Review - The Dimond Age

The Diamond Age
by Neil Stephenson
1996 Hugo Winner for Best Novel

I've encountered quite a few people who think that the definition of "science fiction" is a story which takes a technological advancement and depicts the impact of that advancement. I'm not one to define the field so narrowly since the label has been used to encompass just about everything (at this point I think of science fiction more as a style than a genre), but there was a time when it seemed like that narrow focus was what authors were working on.

The Diamond Age is firmly in that form. There's a story there but really it takes a back seat to the exploration of what the advent of nanotechnology does to humanity. Stephenson is exceptional at this; his novels work best when they dig into how technology transforms people and The Diamond Age would be my selection for the top of his form.

As mentioned the book is set in a not too distant future where the ramifications of nanotechnology have completely changed the world. Anyone can have whatever they want through matter builders in the home, impossible architecture made possible by super-strong materials grows buildings out of the ground, an entire island is raised from the sea and populated with animatronic mythological beasts in a matter of minutes. It's a time of miracles.

And then there are the horrors. Ever present nanopolution and a fragmentation of mankind into tiny cliques. The needs of survival may be easily available to everyone but the same class divisions still exist.

Into the crushing poverty of a slum on the Chinese coast a girl named Nell is born without a father. She has little hope for the future but her brother mugs people on the street and one evening he steals a very special book. He gives it to his little sister and it triggers a chain of events that changes the world.

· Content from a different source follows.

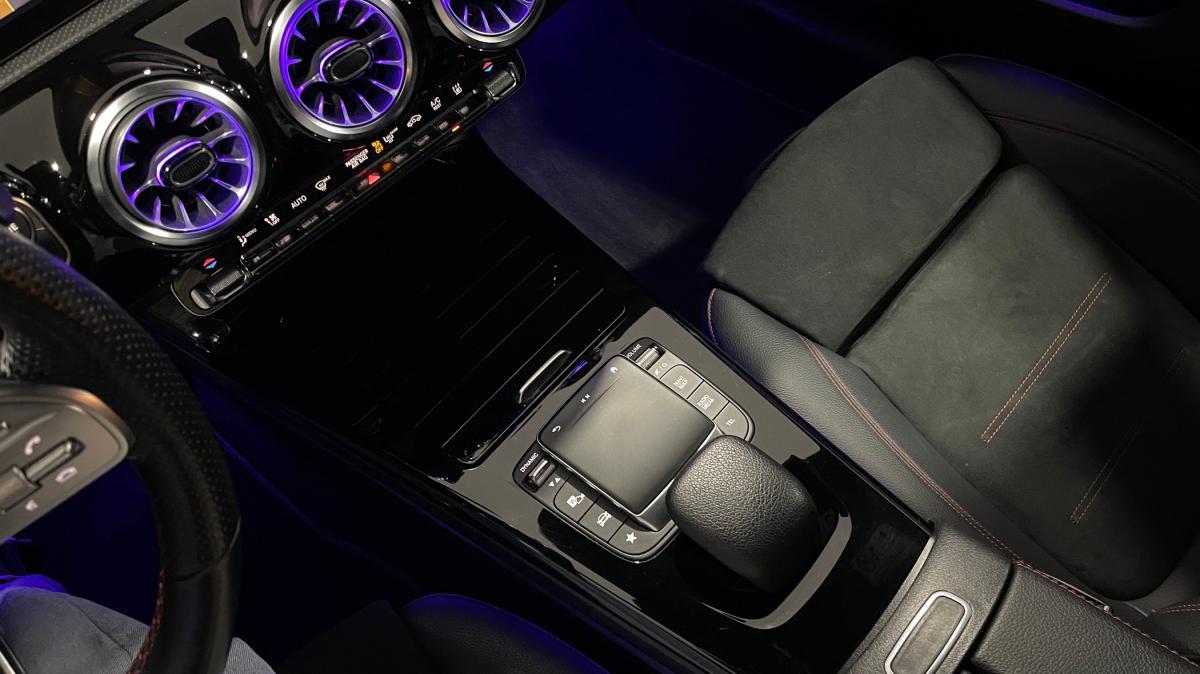 mercedes-benz-cla-2021-hibrido-a-gasolina-1332cc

The book is The Young Lady's Illustrated Primer, a nanotech supercomputer built for the daughter of the CEO of largest corporation the world. He was concerned that the society that his granddaughter was being raised in was too static so it was intended to be able to each a young girl everything that she needs to succeed in life. A copy was made by one of the designers who wanted to give his daughter the same advantage and that copy was what the one stolen and given to Nell.

The focus of The Diamond Age is Nell's education from her birth to becoming a woman. There are side trips into the lives of the actress who provides a voice to the book and consequently becomes a surrogate mother to Nell, the designer who stole the book and becomes involved in a plot to take nanotechnology to forbidden extremes, and a magistrate caught between the law and justice.

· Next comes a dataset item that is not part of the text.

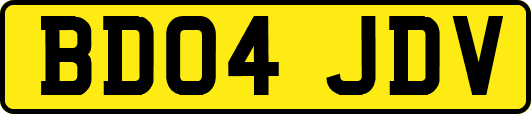 BD04JDV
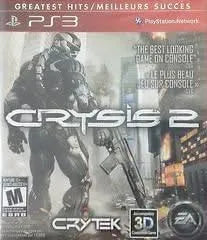 jeux video game-x,jeuxvideogamex.com,CA,Quebec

I would be remiss if I didn't at least mention the ending. It is beyond anti-climactic. Several plot lines that I though were dropped and just didn't go anywhere are suddenly reintroduced three pages from the end and wrapped up with text that essentially amounts to, "And then everything was better and they all lived happily ever after." Stephenson has a reputation for not being able to end a book and The Diamond Age is a perfect example of this.

Also while Nell is an interesting character no one else is. Every time the book drifted away from her I just wanted it to get back to Nell's story. Everyone else is just there to report the plot or tell us about the wonders of the future.

That future on the other hand is breathtaking in its depth. I can't think of an aspect of nanotechnology that Stephenson didn't delve into. It literally transforms every aspect of the world but Stephenson also knows that no matter how technology changes human beings will still act like human beings.

For this reason I think The Diamond Age is worth the attention it received. The complexity of the world building and the thoughts on a technology that is becoming more and more important makes it feel very relevant. So despite its flaws I found it to be a great book.